Vom Luginsland auf dem Rehberg

Es war im Jahr 1498, als Markgraf Friedrich II.. von Brandenburg-Kulmbach anlässlich der "guttenbergischen Fehde" von seinem Hauptmann auf dem Gebirg, Kunz von Wirsberg, und dem Kulmbacher Landschreiber Friedrich Penker eine "Anordnung der Hohenwarthen oder Wachthürner in dem Marggrafhum Brandenburg oberhalb deß Gebürgs" ausarbeiten ließ. Seit Erlass dieser Anordnung wissen wir, dass das Land um Hof, Wunsiedel, Bayreuth und Kulmbach mit einem ganzen Netz von Wachtürmen überzogen war, die - in Kriegszeiten mit Wachen besetzt - als Frühwarnsystem funktionierten und sicher damals schon auf eine lange Tradition zurückblicken konnten. Die Warte auf dem Schneeberg saß wie die Spinne im Zentrum des Netzes, denn der Wachturm auf der höchsten Erhebung des Fichtelgebirges (1051 m ü. NN) stand mit allen anderen Warten in Sichtverbindung. Wichtig war aber sicher auch der Wachturm auf dem der Plassenburg südlich vorgelagerten Rehberg (1498 "Rewtperk" also Reutberg).

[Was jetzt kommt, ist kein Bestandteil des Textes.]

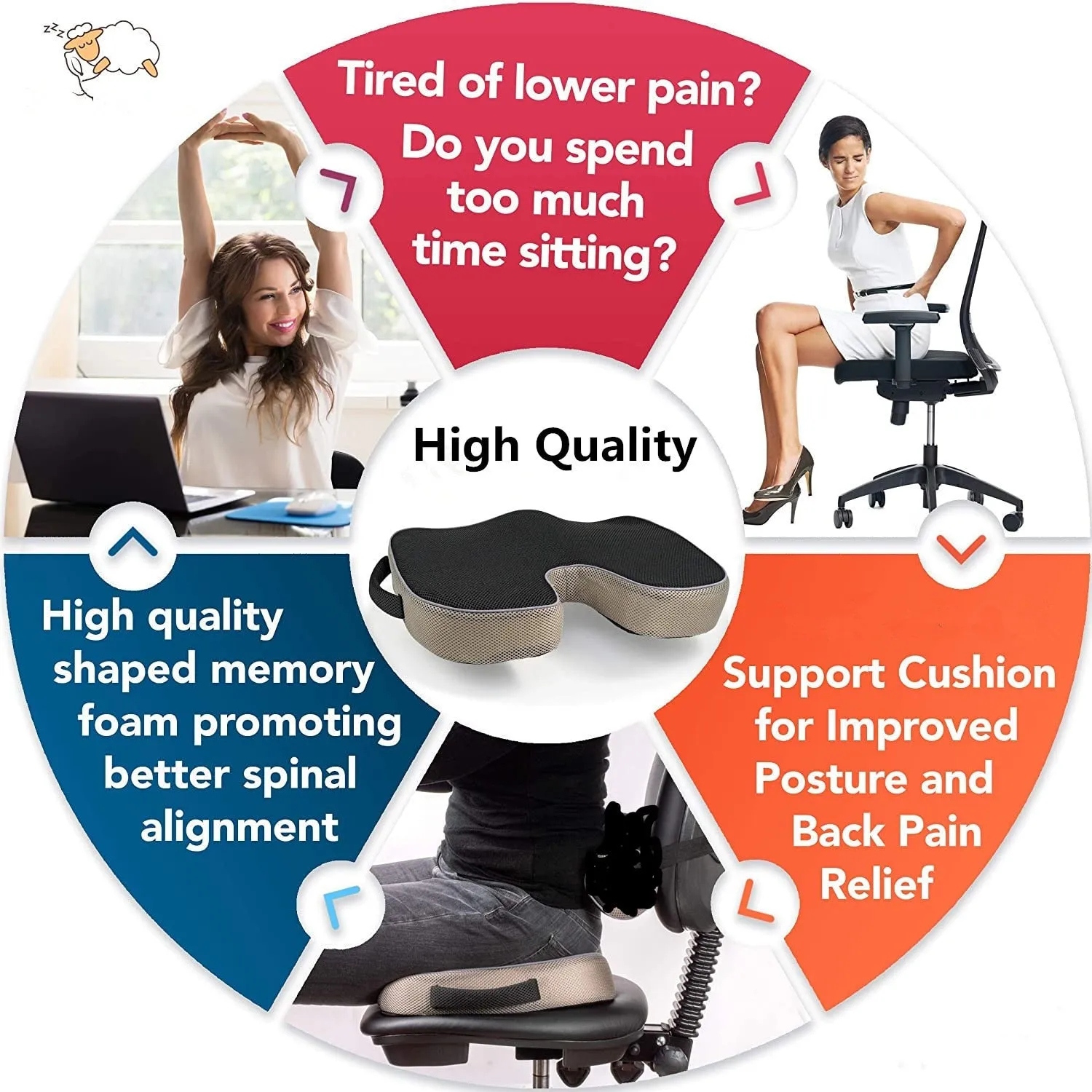 Non-Slip Cushion For Back Pain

Die umliegenden Höhenzüge verdeckten nämlich dem Turmwächter der Plassenburg die Aussicht, so dass dem Rehbergturm eine wichtige Aufgabe in der Überwachung des Umlandes vor allem nach Süden und Osten zukam. Und da die Plassenburg der Sitz der Landesregierung gewesen ist, war dem Markgrafen viel daran gelegen, von Bedrohungen des Landes frühzeitig in Kenntnis gesetzt zu werden. Dies geschah durch die Feuerzeichen der Wächter auf dem Rehberg!

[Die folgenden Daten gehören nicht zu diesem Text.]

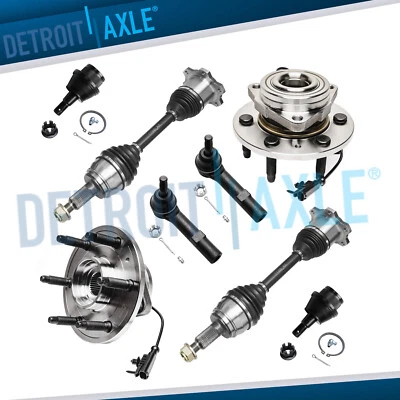 8pc 4WD Front Wheel Bearing Hubs CV Axles Tie Rods Kit for Silverado Sierra 1500 - Image 1 of 4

Jahrhunderte lang blieb diese Art des Vorwarnsystems bestehen; noch im 18. Jahrhundert investierte man Geld in den baulichen Unterhalt der alten Warttürme. Der Rehturm hingegen scheint schon zu Ende des 18. Jahrhunderts weitgehend in Vergessenheit geraten zu sein, denn Jobst Christoph Ernst von Reiche (1772 - 1833) rühmt in seinem 1796 erschienenen Büchlein "Culmbach und Plassenburg" zwar die schöne Aussicht von dem der Plassenburg vis á vis gelegenen Rehberg auf "die tief unterliegende Welt", erwähnt das altersgraue Gemäuer des Rehturms jedoch mit keinem Wort. Dann allerdings widmete G. Fr. Schmidt - Mitglied des histor. Vereins für Oberfranken - im Jahr 1879 dem "Warth- und Signalthurm der vormaligen Feste Plassenburg auf dem Rehberg" eine kleine Monographie, in der er vorzüglich den Kulmbacher Verschönerungsverein lobte, der den Rehberg in den Jahren 1878 und 1879 durch die Anlage von Wegen bequemer zugänglich gemacht und eine Reihe von Ruheplätzen und Aussichtspunkten angelegt habe. "Im vorigen Jahre [1878] tauchte deshalb die Idee zur Erbauung eines Aussichtsthurmes auf demselben auf, welche vielseitig warmen Anklang fand. ... Den Anlaß zu diesem Vorschlage gab vorzüglich die Ruine des Wartthurmes auf diesem Berge, mit seiner wahrhaft überraschenden Fernsicht."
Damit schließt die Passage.